That is a much cleaner version. I didn't even know you could write it out like that...

That would work in a different situation, but the readings are under not over, .78 and 99.7.

Thank you all for providing your time in showing me many solutions so far. Much appreciated.

@surepic Whichever way or combination I end up reconciling the readings I will definitely follow your lead in coding style. Looks cleaner and easier to read.

While looking over your example I'm guessing I could use "(out < .9)" and "(out > 99)".

The float is not that important, but I think something in this direction will work out.

I just “translated” your code to a bit concise version. Thats not the way i am writing code tho.
Regarding float that u worry about and division compiler sees that its a constant expression and makes it constant so even if u get rid of division and write a constant there there wont be any gains in code size or speed.

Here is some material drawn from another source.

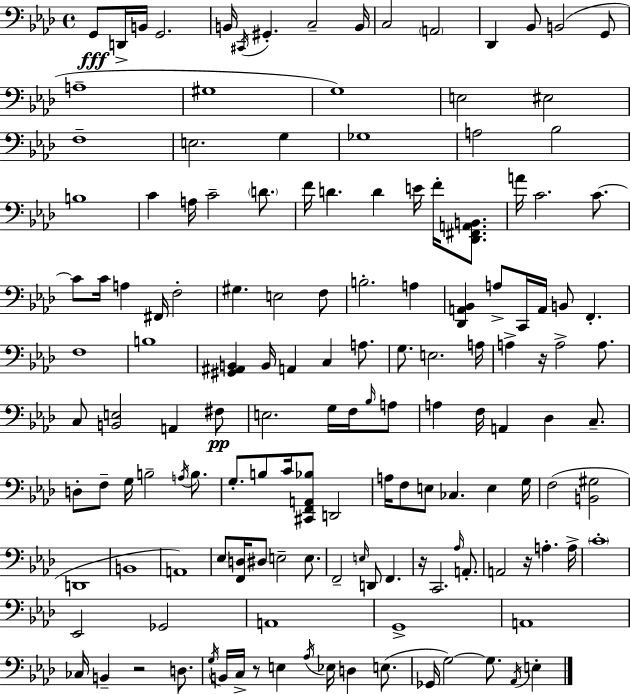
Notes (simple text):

G2/e D2/s B2/s G2/h. B2/s C#2/s G#2/q. C3/h B2/s C3/h A2/h Db2/q Bb2/e B2/h G2/e A3/w G#3/w G3/w E3/h EIS3/h F3/w E3/h. G3/q Gb3/w A3/h Bb3/h B3/w C4/q A3/s C4/h D4/e. F4/s D4/q. D4/q E4/s F4/s [Db2,F#2,A2,B2]/e. A4/s C4/h. C4/e. C4/e C4/s A3/q F#2/s F3/h G#3/q. E3/h F3/e B3/h. A3/q [Db2,A2,Bb2]/q A3/e C2/s A2/s B2/e F2/q. F3/w B3/w [G#2,A#2,B2]/q B2/s A2/q C3/q A3/e. G3/e. E3/h. A3/s A3/q R/s A3/h A3/e. C3/e [B2,E3]/h A2/q F#3/e E3/h. G3/s F3/s Bb3/s A3/e A3/q F3/s A2/q Db3/q C3/e. D3/e F3/e G3/s B3/h A3/s B3/e. G3/e. B3/e C4/s [C#2,F2,A2,Bb3]/e D2/h A3/s F3/e E3/e CES3/q. E3/q G3/s F3/h [B2,G#3]/h D2/w B2/w A2/w Eb3/e [F2,D3]/s D#3/e E3/h E3/e. F2/h E3/s D2/e F2/q. R/s C2/h. Ab3/s A2/e. A2/h R/s A3/q. A3/s C4/w Eb2/h Gb2/h A2/w G2/w A2/w CES3/s B2/q R/h D3/e. G3/s B2/s C3/s R/e E3/q Ab3/s Eb3/s D3/q E3/e. Gb2/s G3/h G3/e. Ab2/s E3/q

If u can switch to ints then yes u will get some gains.
I would suggest making code smaller and fit into smaller ic i bet its possible to reduce whole code by 30-50%.
Havent done arduino programming for over 4 years :-)))

Arduino uno is overkill for that project.

I see your point if this was all that I was going to do with it, but I think "Arduino uno is overkill for that project." is not really correct in this case because this is not the end of the project, just an attempt of refinement for this section.

I am eventually incorporating a data logging shield and either an RF of WIFI option to transmit the data but I didn't think that was relevant to the issue at this point.

So, wouldn't I be limiting myself to walk away from the Uno board?

This will be in a new installation, so the sensor is not even installed on the tank yet.

If you think that way then u will never actually finish the project cos there will always be something to add and scale the project.

Better to define what that device will be doing and stick with it. Trust me i have gone thru scaling projects and at the end it was enormous waste of time cos the device was doing what it suppose to and by wasting time on new features didnt bring any new users or increase the sales.

So steps are what it should do then prototyping to make sure it runs perfectly then field testing then starting to cut on unnecessary parts and shrinking code to fit cheapest ic thats gonna do the job.

Want new features then think of version 2,3,4 etc.

Instead of converting from an integer analog reading to a floating-point voltage, it may be more helpful to convert from the integer analog reading to an integer percentage:

int percent = (readVal * 100ul) / 1023;
(Note: the '100' is made 'unsigned long' because multiplying any integer over 327 by 100 will overflow a signed 16-bit integer.)

Warning: 0.50 is not 10% of 5.15